Actually hey, how do children who are abused by their owners get protection? The owners obviously aren't going to be paying premiums on their behalf, so even if a DRO were to hear about it, it would obviously be a poor business decision to spend resources on an investigation without compensation, especially since it could involve a war with the child-owner's DRO, which would of course support the owner's right to use force to keep trespassers away from his property.

Charity or something, who cares the free market will take care of everything

Alternate answer: it wouldn't be in a parent's best interest to abuse their child (why would you damage your own property???) so child abuse wouldn't exist anymore if we just abolished the state

Alternate alternate answer: every DRO will have a section devoted to making sure that people don't abuse children, so if you abuse children then you've broken your DRO contract. You'll have to become a rogue citizen, unable to so much as cross the street, unable to even eat because no one will serve you. The DRO will know that you broke your contract thanks to the voluntarily installed surveillance system installed in every home and on every street corner. The child can then voluntarily become a prostitute and bing bang boom, child abuse is a solved problem

Babylon Astronaut
Apr 19, 2012
Why would a free range child stay with abusive parents when Baby DRO has ice cream, puppies, video games, all free.

paragon1
Nov 22, 2010

FULL COMMUNISM NOW
Valhalla DRO provides only the highest quality mixtures of gunpowder and cocaine to its war orphans! :mil101:

Strawman
Feb 9, 2008

Tortuga means turtle, and that's me. I take my time but I always win.

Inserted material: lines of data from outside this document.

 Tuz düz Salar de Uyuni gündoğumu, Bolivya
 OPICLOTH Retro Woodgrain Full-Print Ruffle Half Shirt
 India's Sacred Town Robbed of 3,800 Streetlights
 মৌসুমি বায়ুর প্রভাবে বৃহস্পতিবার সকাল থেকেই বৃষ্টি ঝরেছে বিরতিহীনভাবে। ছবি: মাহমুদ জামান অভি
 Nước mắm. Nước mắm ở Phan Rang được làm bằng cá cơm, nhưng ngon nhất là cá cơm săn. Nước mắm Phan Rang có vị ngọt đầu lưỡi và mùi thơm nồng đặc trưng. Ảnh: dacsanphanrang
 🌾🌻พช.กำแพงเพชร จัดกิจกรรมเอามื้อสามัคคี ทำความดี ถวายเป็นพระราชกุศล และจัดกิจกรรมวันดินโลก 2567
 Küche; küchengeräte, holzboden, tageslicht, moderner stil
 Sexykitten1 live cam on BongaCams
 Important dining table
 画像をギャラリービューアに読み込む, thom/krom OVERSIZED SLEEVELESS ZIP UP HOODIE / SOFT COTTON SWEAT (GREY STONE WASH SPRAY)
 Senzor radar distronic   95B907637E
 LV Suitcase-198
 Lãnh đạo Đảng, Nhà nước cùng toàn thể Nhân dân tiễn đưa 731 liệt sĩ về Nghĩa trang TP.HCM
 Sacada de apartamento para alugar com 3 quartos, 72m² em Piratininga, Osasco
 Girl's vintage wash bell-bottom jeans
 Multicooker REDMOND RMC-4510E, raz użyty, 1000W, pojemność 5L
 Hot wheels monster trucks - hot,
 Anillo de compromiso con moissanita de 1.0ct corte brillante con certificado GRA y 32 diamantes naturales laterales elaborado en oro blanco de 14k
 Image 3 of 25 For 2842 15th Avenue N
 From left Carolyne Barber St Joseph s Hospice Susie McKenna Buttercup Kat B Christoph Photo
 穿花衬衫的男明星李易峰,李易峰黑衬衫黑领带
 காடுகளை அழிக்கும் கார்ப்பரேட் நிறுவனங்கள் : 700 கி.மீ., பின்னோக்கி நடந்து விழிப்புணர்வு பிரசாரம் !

jrodefeld (and other libertarians itt) do you think Praxeology is a useful way to gain knowledge about how humans behave in the real world? Is a model of reality based on praxeology more reliable than one based on empiricism? If so, why do you believe this?

Quantum Mechanic
Apr 25, 2010

Just another fuckwit who thrives on fake moral outrage.
:derp:Waaaah the Christians are out to get me:derp:

lol abbottsgonnawin

Strawman posted:

jrodefeld (and other libertarians itt) do you think Praxeology is a useful way to gain knowledge about how humans behave in the real world?

You've got it backwards, praxeology assumes humans behave a particular way and draws conclusions based on that.

Hodgepodge
Jan 29, 2006
Probation
Can't post for 219 days!
In conjunction with my questions regarding empiricism, I am curious as to how a libertarian society would prevent the decline of social mobility and the replacement of entrepreneurs with rentiers due to the formation and consolidation of elite social networks based on inherited advantages in education, wealth, and contacts.

If you vaguely mumble about competition and the market or the evils of the state, I will loving hound your magical thinking into the ground until you give me evidence. Give me evidence, and I will be rather impressed, although naturally critical unless you really hit this one out of the stadium.

The subject is well-studied, so you should have lots to work with.

Hodgepodge fucked around with this message at 13:16 on Oct 6, 2014

RocketLunatic
May 6, 2005
i love lamp.
Wouldn't DROs enforce their rules via violence or the threat of violence? Wouldn't the requirement to sign on to a DRO effectively be enforced by the threat of violence?

Example - if you don't follow the rules or become a danger to your neighbors, wouldn't the DRO have the authority to take you out? Or could they give the green light to another DRO as if to wash their hands of you?

If taxation is theft at the barrel of gun, everything in our society, even driving and walking across streets and handling food and hiring workers, is enforced at the same level. Your envisioned society would be no different unless people could not be killed for any reason, which would even rule out self-defense. Am I understanding this right?

Pythagoras a trois
Feb 19, 2004

I have a lot of points to make and I will make them later.

jrodefeld posted:

This is so stupid. How do you think the rich get rich? The unjust rich are those that use the power of the State to expropriate the citizens, while the just rich are those who trade voluntarily on the market and satisfy consumers. By taking away that State and rejecting the legitimacy of the use of force, the wealthy gain wealth through satisfying consumers. Unless the rich have a steady stream of new profits and revenue, then their wealth will soon be consumed and they will fall into the middle class or even into poverty. If the "rich" all thought they would collude and piss off everyone else then that would be disastrous to their bottom line.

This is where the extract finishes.